Rapports de risque de décéder de la population de 25 ans ou plus selon le sexe, le statut d’immigrant et le temps écoulé depuis l’immigration, Canada, 1991 à 2001

Notes : En contrôlant les effets du lieu de résidence (province ou région, réserve indienne/hors réserve indienne), de l’âge, de la scolarité, du groupe autochtone et du groupe de minorités visibles. Les données pour les hommes et les femmes ayant été obtenues à partir de modèles de régression distincts, elles ne sont pas comparables entre elles.

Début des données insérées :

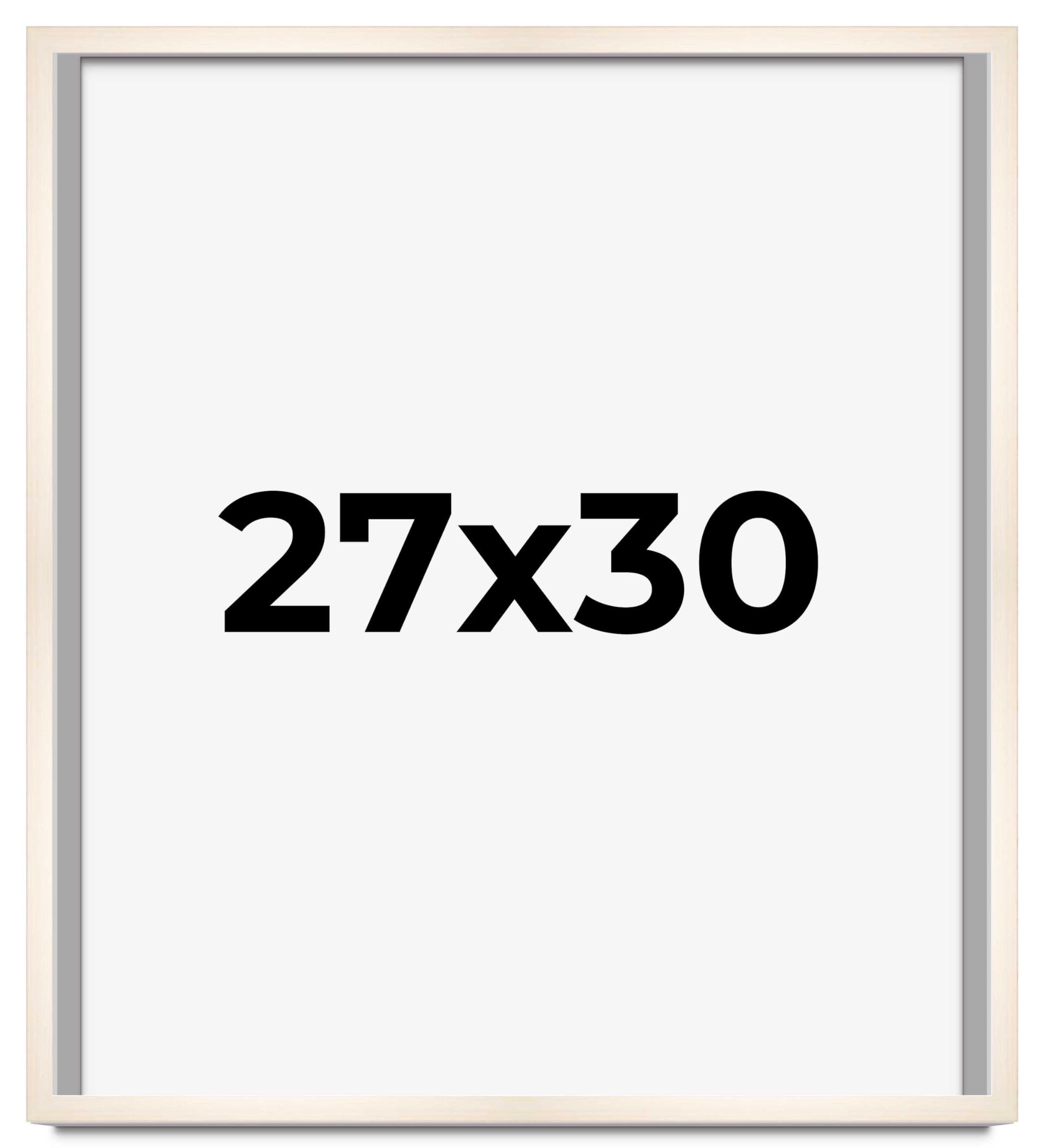 CountryArtHouse 27x30 Inch Whitewashed Solid Wood Picture Frame - 0.8125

Source : Statistique Canada, Étude canadienne de suivi de la mortalité selon le recensement, 1991 à 2001

-> Voir la liste des tableaux

Émigration

Une dernière spécificité démographique des populations immigrantes qui pourrait avoir une incidence sur la composition par âge de la population du Canada est leur plus grande propension à quitter le pays comparativement au reste de la population. La figure 4 présente une estimation de la probabilité d’émigrer qui, obtenue elle aussi dans le cadre du développement de Demosim, tient compte, dans un modèle de régression à risques proportionnels appliqué aux Données administratives longitudinales appariées aux données de Citoyenneté et Immigration Canada, de la période d’immigration, du lieu de naissance, du lieu de résidence et de l’âge. On y voit que les immigrants adultes qui se sont établis au Canada depuis 15 ans ou moins présentent une probabilité plus grande d’émigrer, plus spécialement chez les immigrants nés en Amérique du Nord, en Europe du Nord, de l’Ouest et du Sud puis en Asie de l’Est. Cette probabilité est fonction de la période d’immigration, quoique de manière différente selon le lieu de naissance. L’émigration plus importante des immigrants pourrait contribuer au rajeunissement de la population d’accueil en engendrant une population immigrante qui participera aux groupes d’âge plus jeunes sans vieillir au pays.

Figure 4

Rapports de risque d’émigrer de la population de 18 ans ou plus selon le statut d’immigrant, la période d’immigration et le lieu de naissance, Canada, 1995 à 2005

Rapports de risque d’émigrer de la population de 18 ans ou plus selon le statut d’immigrant, la période d’immigration et le lieu de naissance, Canada, 1995 à 2005

Note : En contrôlant les effets de l’âge et de la province ou région de résidence.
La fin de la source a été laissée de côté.